Yanımda bir sallanan sandalye gördüm ve kendimi üzerine attım.

Yavaşça sallanarak tavana baktım.

“O piçler beni izliyor.”

Bu yadsınamaz bir gerçekti. Buraya adımımı attığım andan itibaren gözetim altındaydım.

Senato… Paslı dişlilerden oluşan, ikiyüzlü bir grup.

O aptallar beni mümkün olduğunca bastırmaya çalışıyorlardı.

Frey’in babasının vasiyeti olmasaydı, bu bedenin sahibini çoktan öldürmüş olurlardı.

Frey’in babası Abraham Starlight’a saygı duydukları söyleniyordu. Ama yaptıklarında saygı göremiyorum.

Elbette beni öldürmediler, ama daha kötüsünü yaptılar.

Ada ile geçirdiğim bir ay boyunca her şeyi anlamıştım.

İlk olarak, Frey aile topraklarından tamamen izole edilmişti. Malikanesi imparatorluğun uzak bir köşesine yerleştirilmişti, sanki onu sürgün etmişler ya da ortadan kaldırmak için kolaylık sağlamışlardı.

İkincisi, eğitimi kasten engellenmişti. Onun konumundaki biri, daha yüksek rütbelere yükselebilmek için en iyi kaynaklara erişebilmeliydi. Ama bunun yerine onu en altta tuttular.

Üçüncüsü, Frey’i dolaylı yollardan öldürmeye çalıştılar. Bu yüzden ona o saçma “baştan çıkarma” yeteneğini verdiler, bunu bir soylu ailenin kızına kullanıp, onun idamını haklı gösterecek bir skandal çıkarmasını umdular.

Beni öldürmek istiyorlardı ama doğrudan elini kolunu kıpırdatamıyorlardı.

Bu da beni tek bir sonuca götürdü: Senato bölünmüştü.

Bir grup beni ne pahasına olursa olsun öldürmek istiyordu, diğer grup ise beni hor görüyordu ama Abraham’ın vasiyetine saygı duyuyordu.

İlk grup beni dolaylı yollardan öldürmeye çalışıyordu.

Onlara “Ölümüme lanet eden piçler” diyelim.

İkinci gruba gelince, “Benden nefret eden ama beni öldürmeyecek piçler”.
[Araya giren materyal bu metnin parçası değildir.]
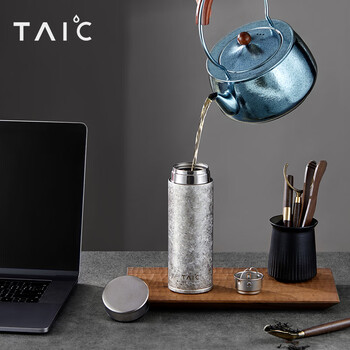 TAIC太可纯钛保温杯带滤网高档户外泡茶银羽杯400ML 皓月银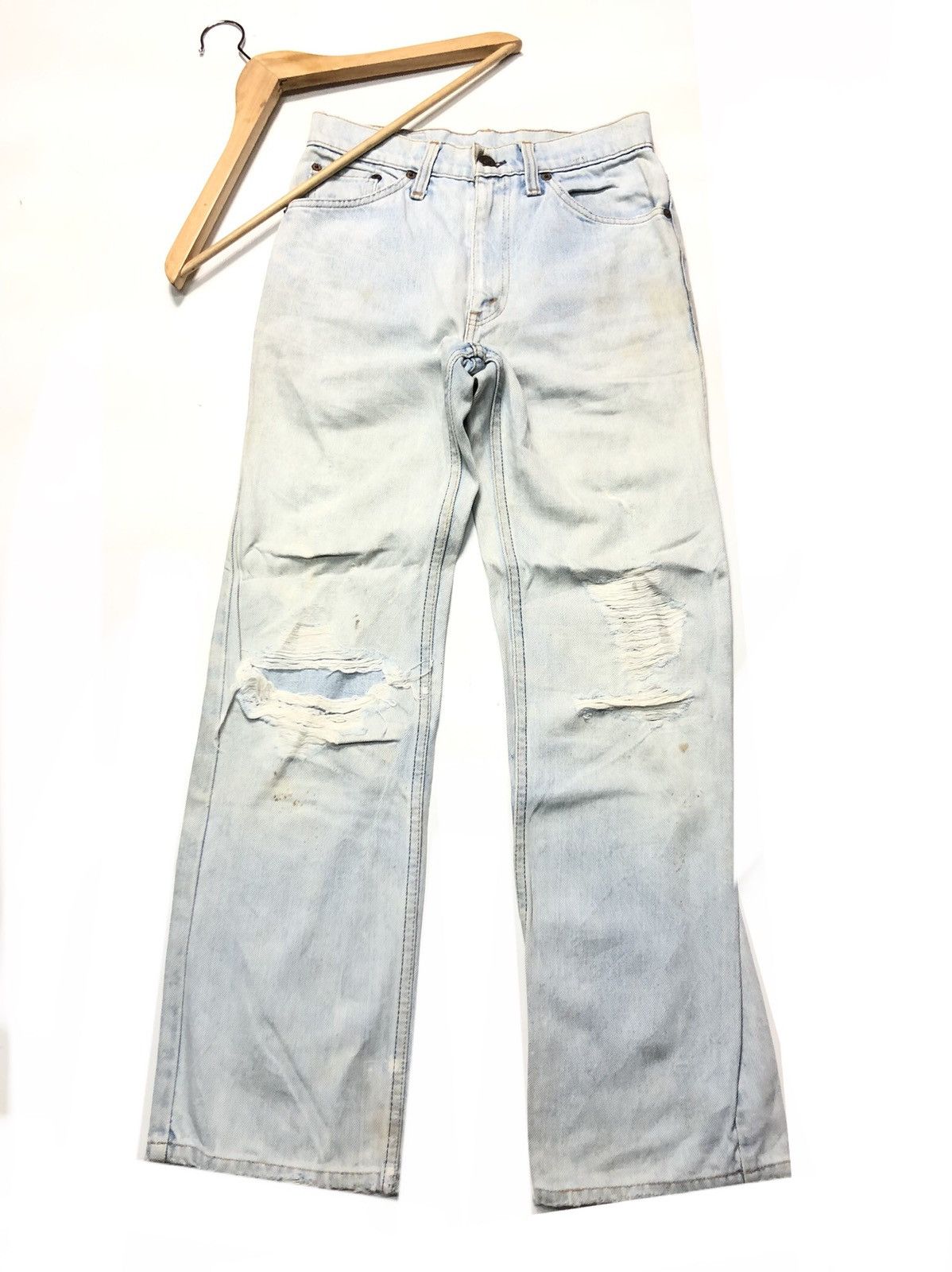 Levi's × Vintage VINTAGE 80s LEVIS LIGHT BLUE WASH DISTRESSED DENIM Size US 26 / EU 42 - 6 Thumbnail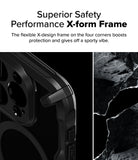 iPhone 16 Pro Case | Fusion-X Magnetic - Close-up of a black phone case corner with a rugged X-shaped frame design.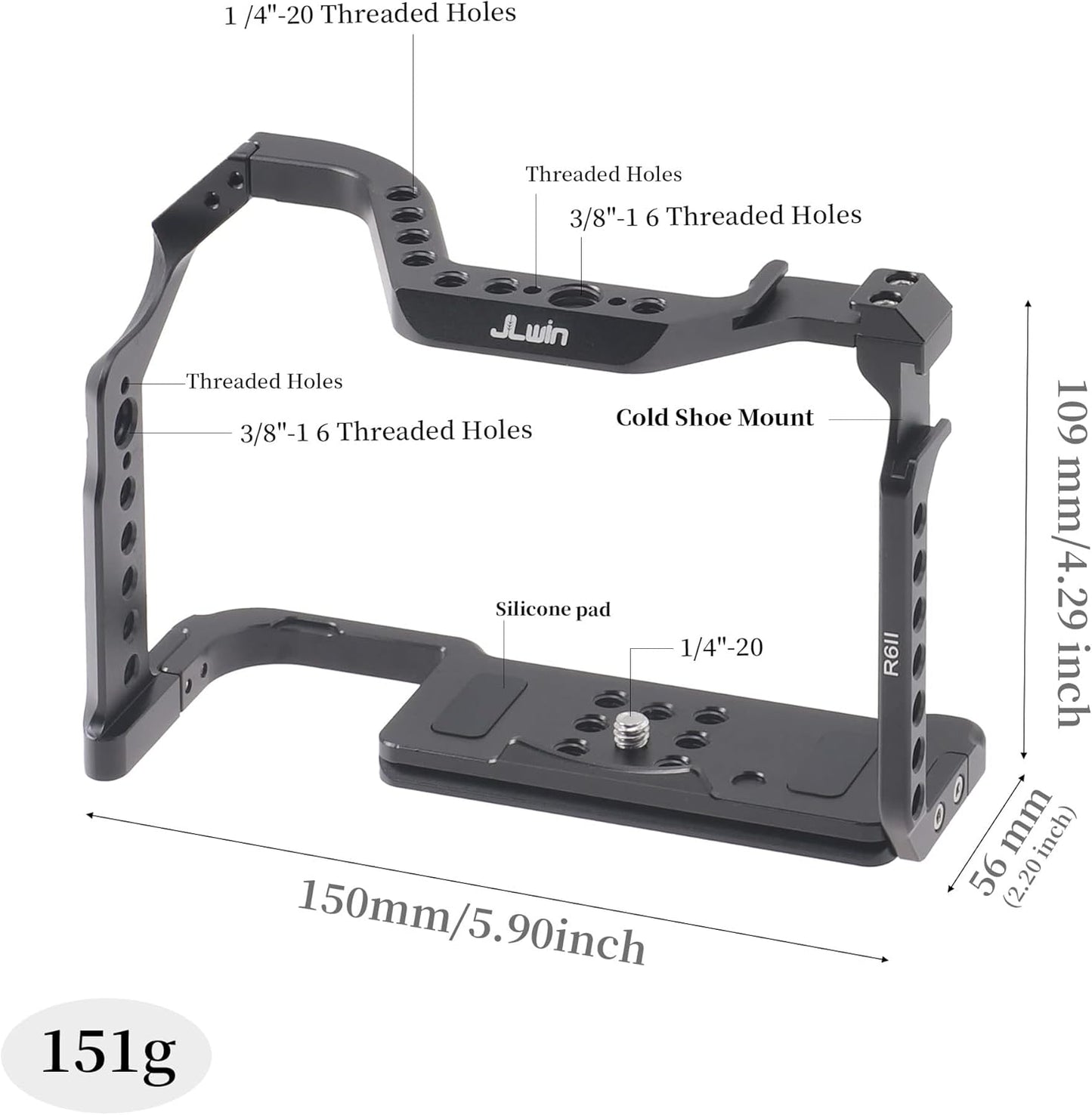 Hersmay EOS R6 II Camera Cage with Top Handle for Canon EOS R6 Mark II Mirrorless Camera Aluminum Alloy Film Movie Making Camera Video Cage with Shoe Mount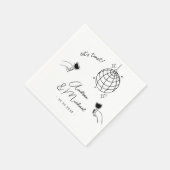 Whimsical Quirky Retro Fun Französisch Engagement  Serviette (Ecke)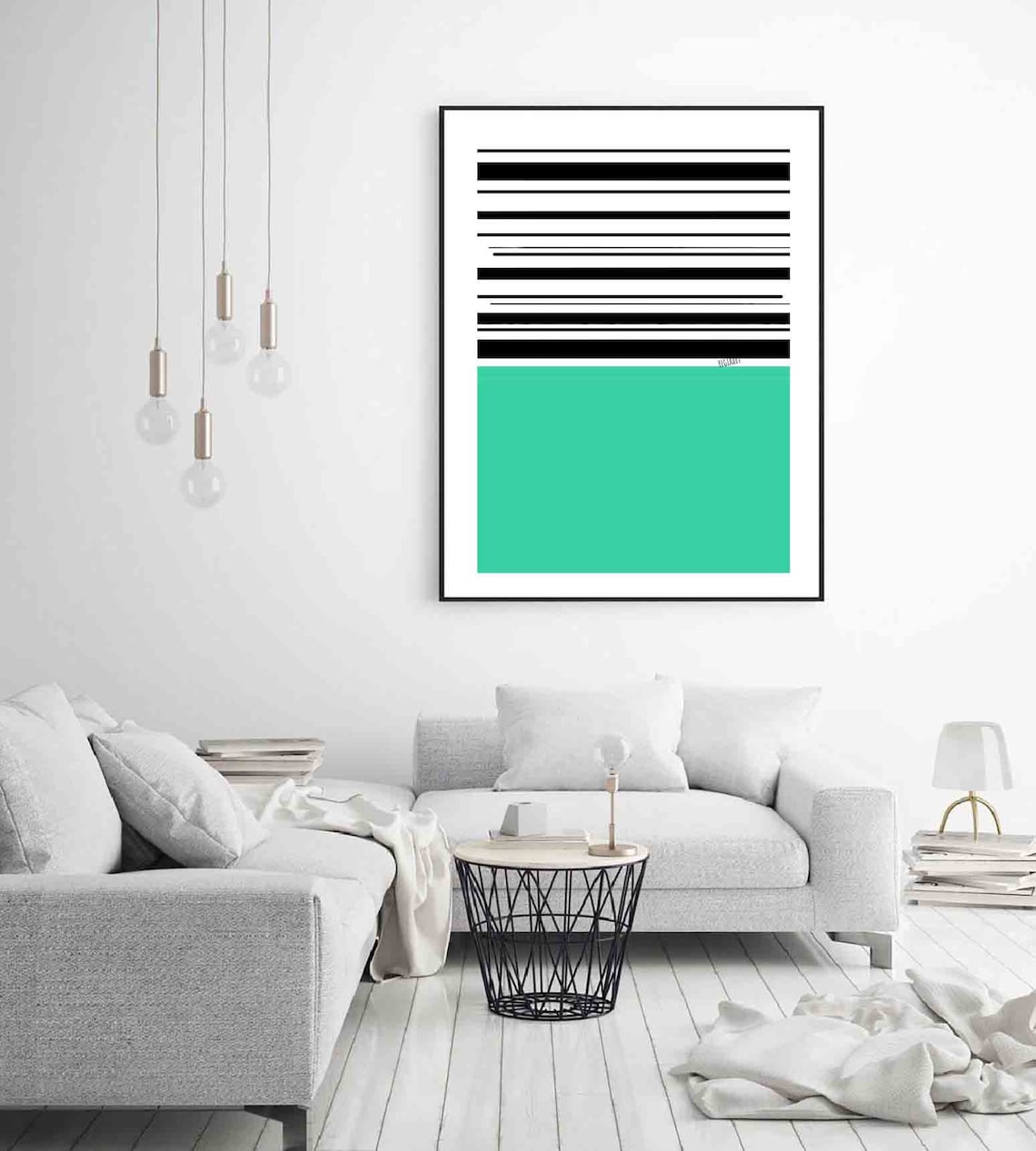 Printable Wall Art Teal Black Lines Abstract Large Art Etsy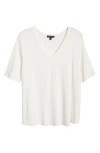 Universal Standard Lily Liquid Jersey V-neck T-shirt In White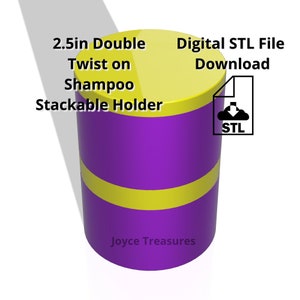 May include: A digital 3D model STL file download for a 2.5 inch double twist on shampoo stackable holder. The holder is purple with a yellow band and the text "Joyce Treasures" on the bottom.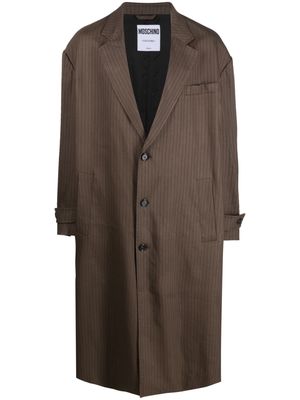 Moschino striped single-breasted coat - Brown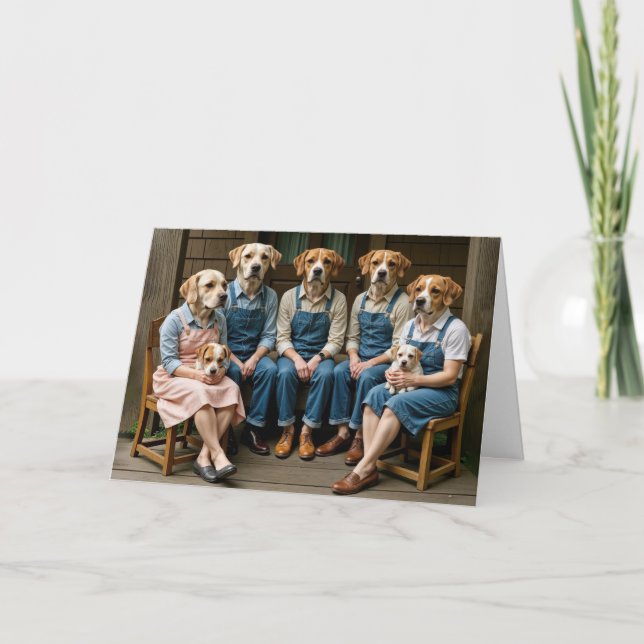 Birthday Hound Dog Family Portrait On a Porch Card (Front)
Üçüncü bir grup var mıydı? Sanmıyordum, ama yakında öğrenecektim.

Belki de Vulcan’ın beni öldürüp suçu üstlenerek kendi sonunu getireceğini umuyorlardı.

Sandalyeye kalktım ve balkona doğru yürüdüm. Her tarafımızı dağlar çevreliyordu ve nefes kesici bir manzara ortaya çıkıyordu; her gün görebileceğiniz bir manzara değildi.

Planım burada başlıyor.

Onlar benim ölmemi istiyorlar, ben de onların isteğini yerine getireceğim.

Planım basitti. Önce, herkesi şok ederek lordluk unvanımdan vazgeçecektim.

Sonra intihar etmek isteyen biri gibi görünmem gerekiyordu.

Vulcan’a beni öldürmesini söylediğimde ilk adımı çoktan atmıştım. Onların beni izlediğinin farkında olarak, olabildiğince deli gibi görünmeye çalışmıştım.

Ölmek için çaresiz halimi gören Vulcan’a son kozumu oynayacaktım.

“Eğitim yolculuğuna çıkmak istiyorum.”

Nereye?

“Kabus Diyarı… Eskiden Çin olarak bilinen yer.”

Yalnız mı?

“Yalnız.”

F sınıfında olan benim gibi birinin orada hayatta kalma şansı sıfırdı, en azından onlar öyle düşünüyordu. Ama benim birkaç numaram vardı.

Sonunda benden kurtulduklarını düşüneceklerdi. “Aptal Frey ölümüne yürüdü.” Ama hayatta kalmamın sebebinin onlar olduğunu fark etmeyeceklerdi.

Mükemmel, değil mi? Beni doğrudan “On Bin Adım Gölge” tekniğinin yapıldığı yere göndermelerini sağlayacaktım.

Planım, benim tarafımdan yapılan çılgın varsayımlara dayanıyordu. Başarılı olup olmayacağını yarın öğrenecektim.

O gece uyuyamadım.

Ve işte buradayız.

Beni giydirmek için ısrar eden hizmetçilere katlanmak zorunda kaldım.

Ne kadar zaman geçti bilmiyordum ama saatler geçmiş gibi geliyordu.

Sonunda aynaya baktığımda kusmak istedim. Pahalı kıyafetler giymiş şımarık bir çocuk gibi görünüyordum. Saçlarım özenle yana taranmış, gerçekten de o kibirli soylulardan birine benziyordum.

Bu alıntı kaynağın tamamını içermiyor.